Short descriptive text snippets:
+-------+

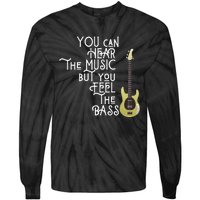 Bass Player You Can Hear The Music But You Feel The Bass Tie-Dye Long Sleeve Shirt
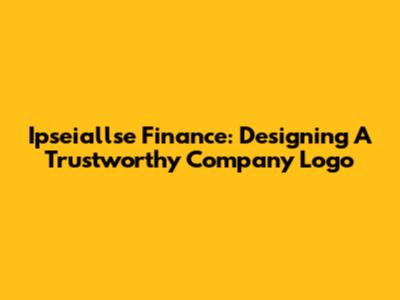 Ipseiallse Finance: Designing A Trustworthy Company Logo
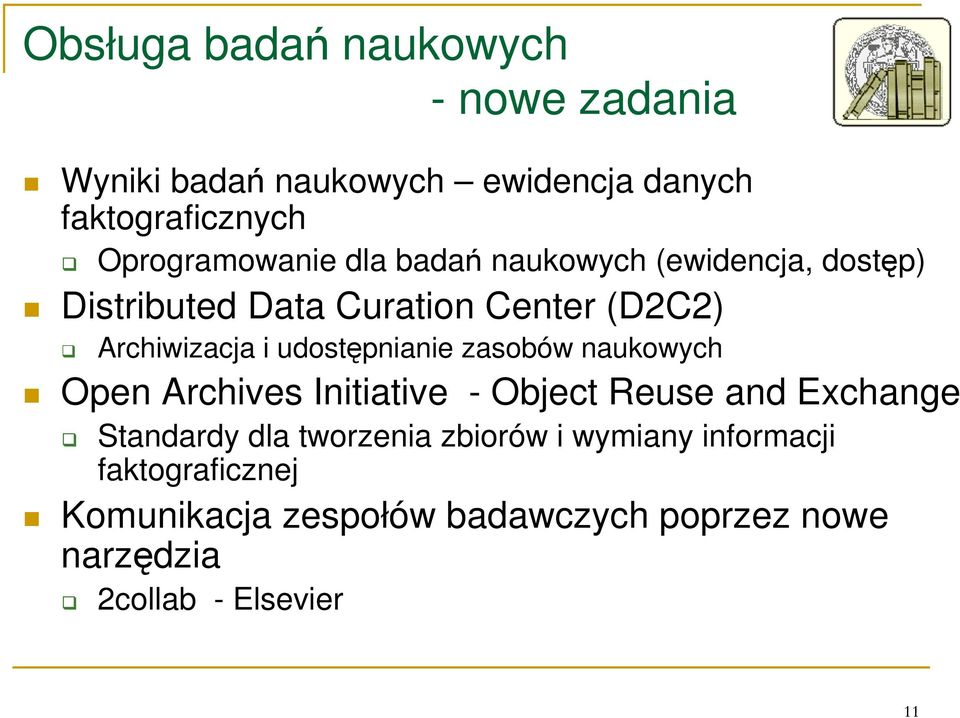 i udostępnianie zasobów naukowych Open Archives Initiative - Object Reuse and Exchange Standardy dla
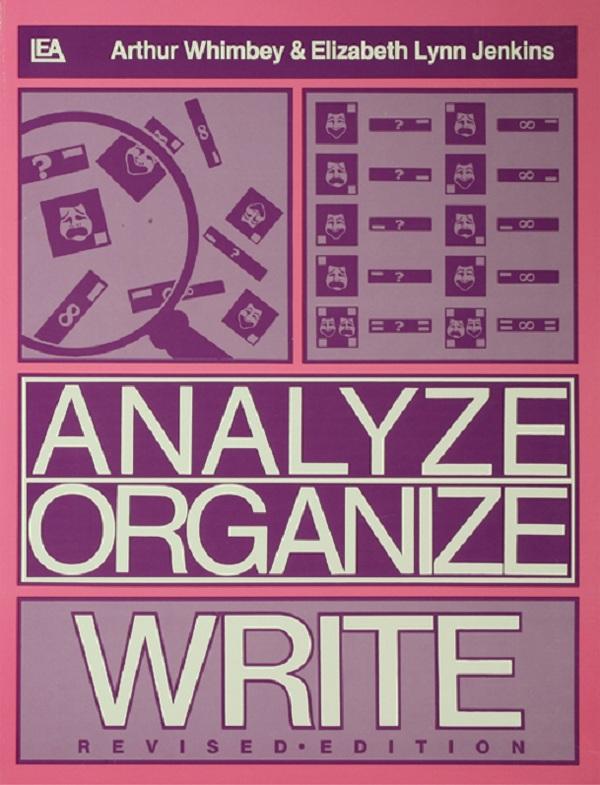 Analyze, Organize, Write by Arthur Whimbey, Elizabeth Lynn Jenkins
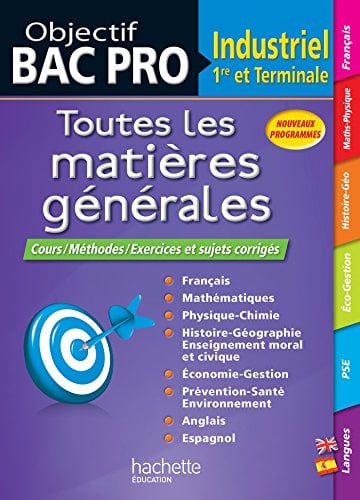Bac Pro Industriel 1re et Terminale: Toutes les matières générales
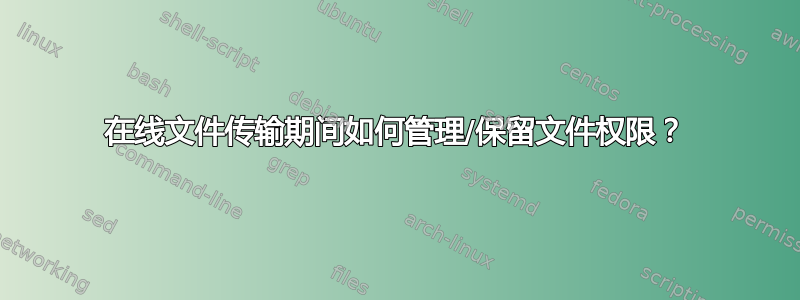 在线文件传输期间如何管理/保留文件权限？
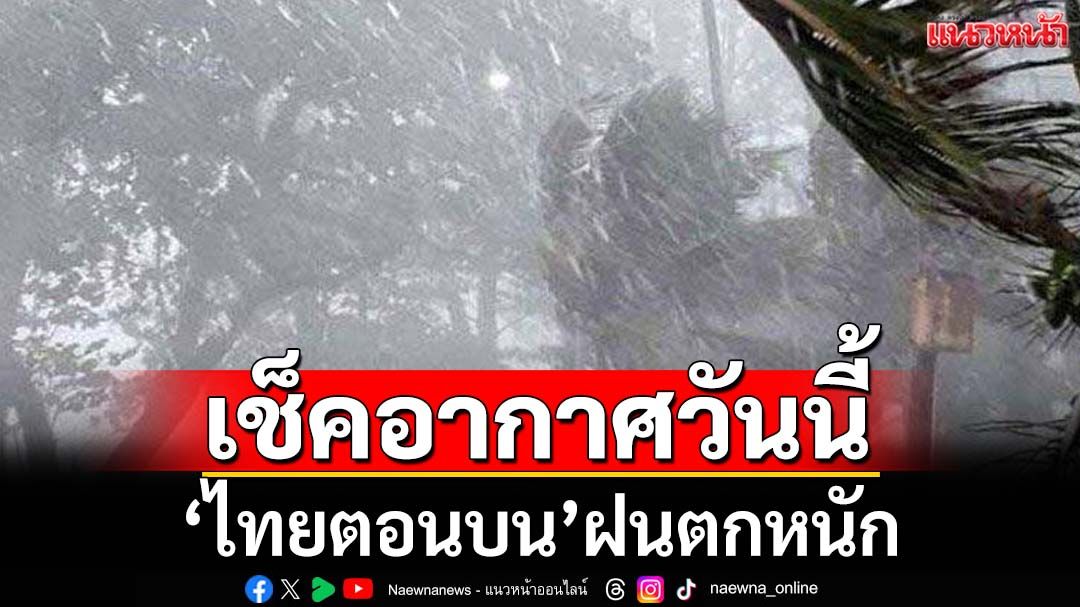 เช็คอากาศวันนี้! ‘ไทยตอนบน’ฝนตกหนัก ระวังน้ำท่วม-น้ำป่า ‘กทม.’ฟ้าคะนอง60%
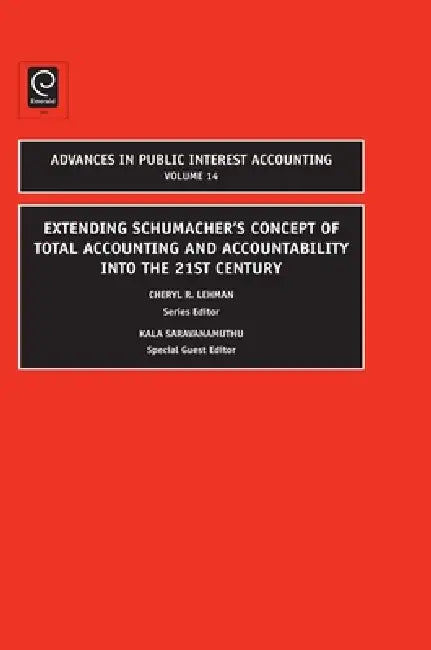 Buy Extending Schumacher's Concept of Total Accounting and Accountability Into the 21st Century (English, Kala Saravanamuthu) Online at Best Price - BookBajar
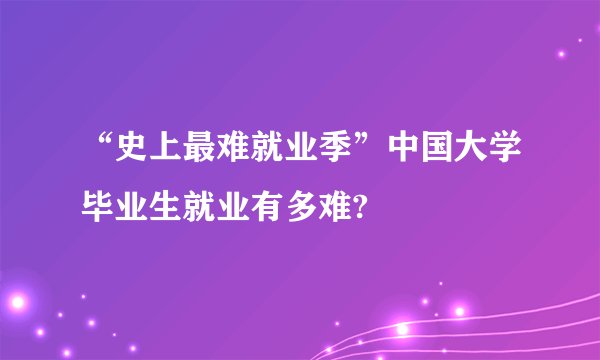 “史上最难就业季”中国大学毕业生就业有多难?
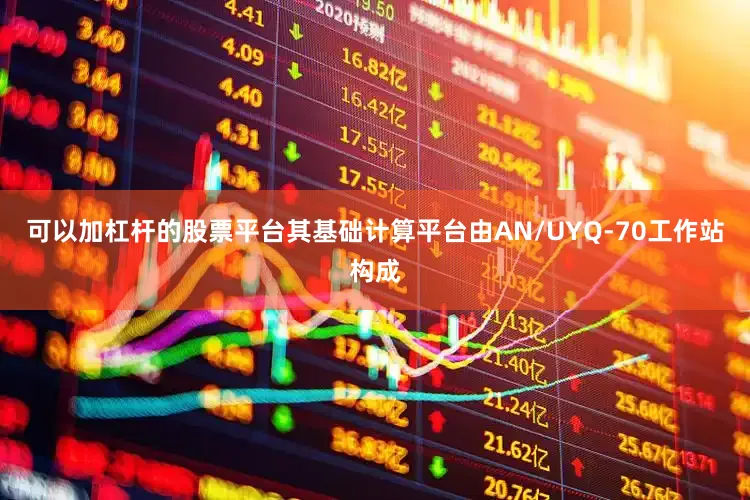 可以加杠杆的股票平台其基础计算平台由AN/UYQ-70工作站构成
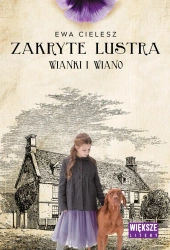 Zakryte lustra T.2 Wianki i wiano DL - Ewa Cielesz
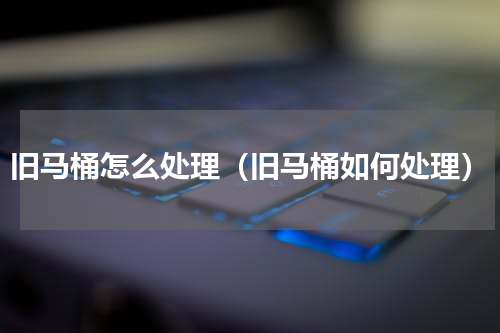 旧马桶怎么处理（旧马桶如何处理）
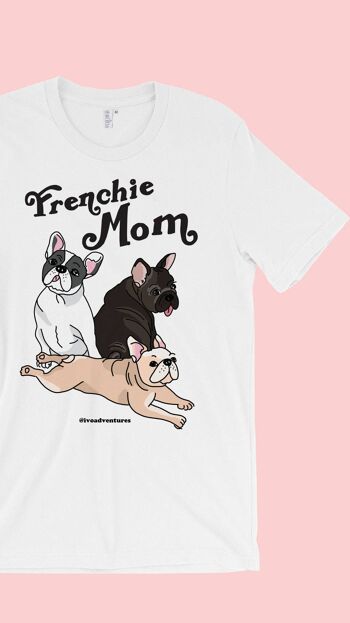 Frenchie maman - Tshirt 4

+-------+

* [What the task asks]: Take the entries above and set them down exactly, minus the pictures.

* [Response]:
 Bass Player You Can Hear The Music But You Feel The Bass Tie-Dye Long Sleeve Shirt
 Ipseiallse Finance: Designing A Trustworthy Company Logo
 i udostępnianie zasobów naukowych Open Archives Initiative - Object Reuse and Exchange Standardy dla
 Analyze, Organize, Write by Arthur Whimbey, Elizabeth Lynn Jenkins
Bac Pro Industriel 1re et Terminale: Toutes les matières générales
 在线文件传输期间如何管理/保留文件权限？
 เช็คอากาศวันนี้! ‘ไทยตอนบน’ฝนตกหนัก ระวังน้ำท่วม-น้ำป่า ‘กทม.’ฟ้าคะนอง60%
 Buy Extending Schumacher's Concept of Total Accounting and Accountability Into the 21st Century (English, Kala Saravanamuthu) Online at Best Price - BookBajar
 “史上最难就业季”中国大学毕业生就业有多难?
 可以加杠杆的股票平台其基础计算平台由AN/UYQ-70工作站构成
 Zakryte lustra T.2 Wianki i wiano DL - Ewa Cielesz
 旧马桶怎么处理（旧马桶如何处理）
 Frenchie maman - Tshirt 4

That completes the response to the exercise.